Activity:
Please retype every entry as written, and keep the pictures out.

Information:
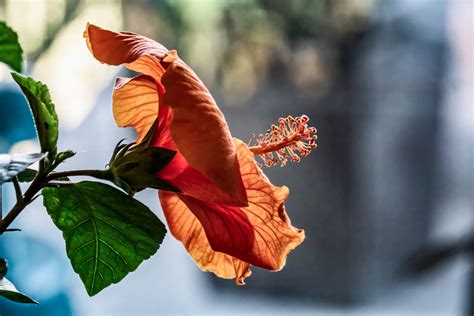 The 24 Best Condo Balcony Plants To Liven Up Your Space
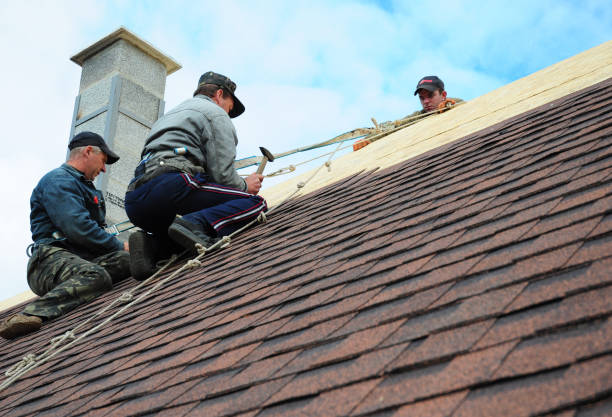 Best Gutter Installation and Roofing  in Lindon, UT
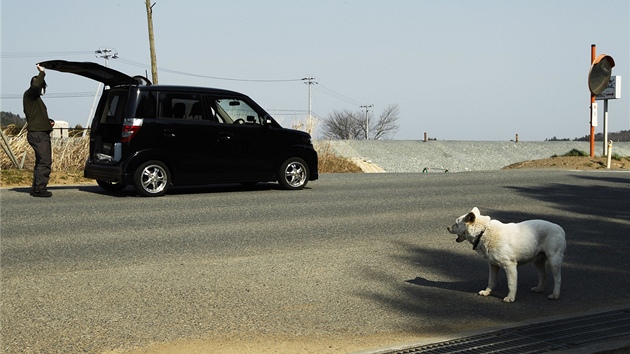 Mu hledá jídlo pro oputného psa ve mst Minami Soma (13. dubna 2011)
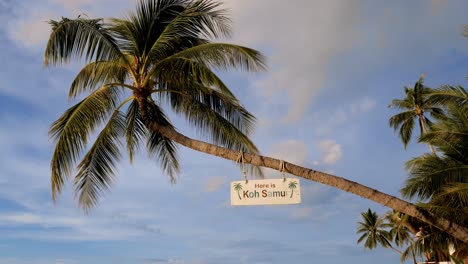 hanging welcome sign on coconut tree-here is samui island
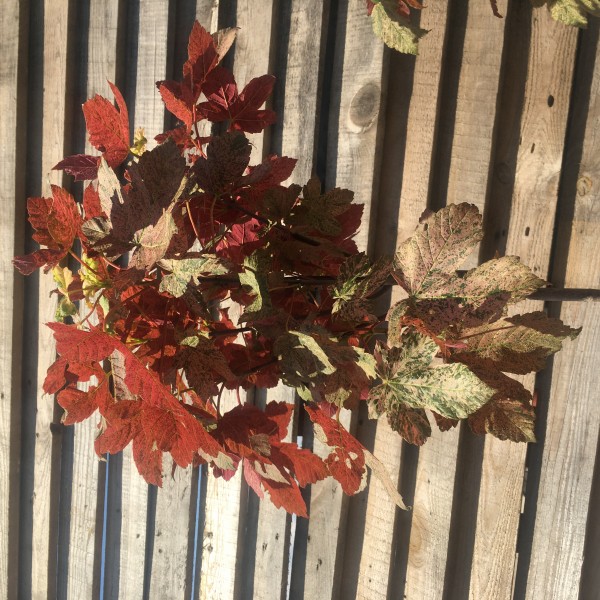 Клён ложноплатановый Еск Сансет C7.5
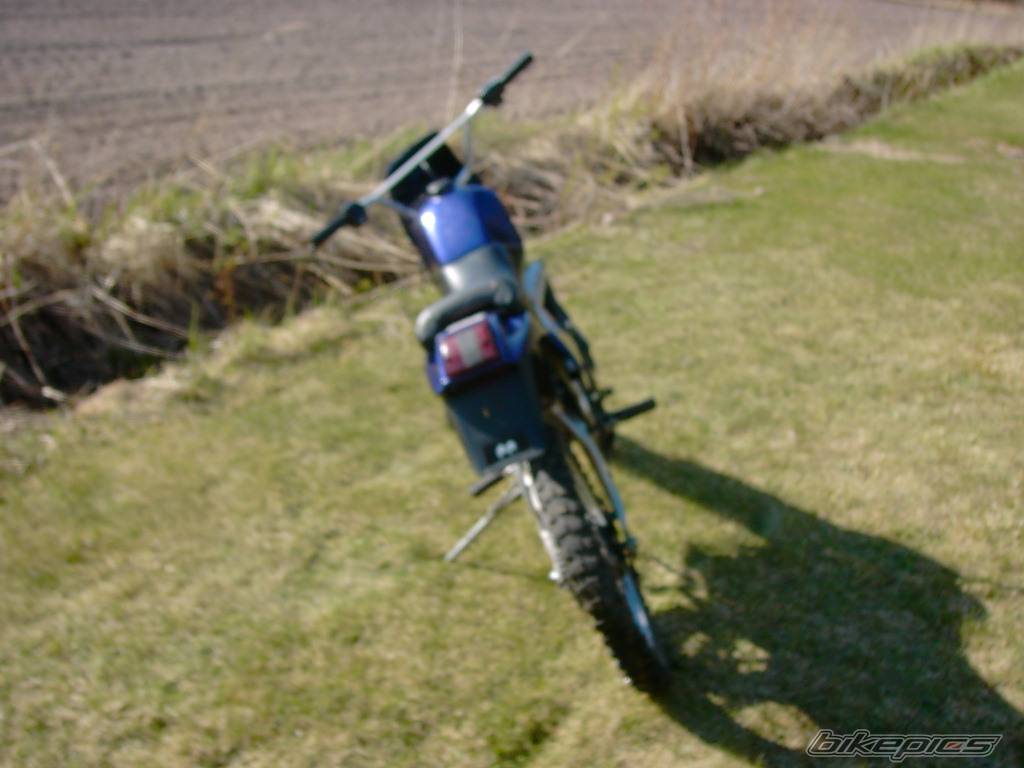 Photo 143768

Solution below:
 The 24 Best Condo Balcony Plants To Liven Up Your Space
 Best Gutter Installation and Roofing  in Lindon, UT
 Mu hledá jídlo pro oputného psa ve mst Minami Soma (13. dubna 2011)
 hanging welcome sign on coconut tree-here is samui island
 Клён ложноплатановый Еск Сансет C7.5
 Photo 143768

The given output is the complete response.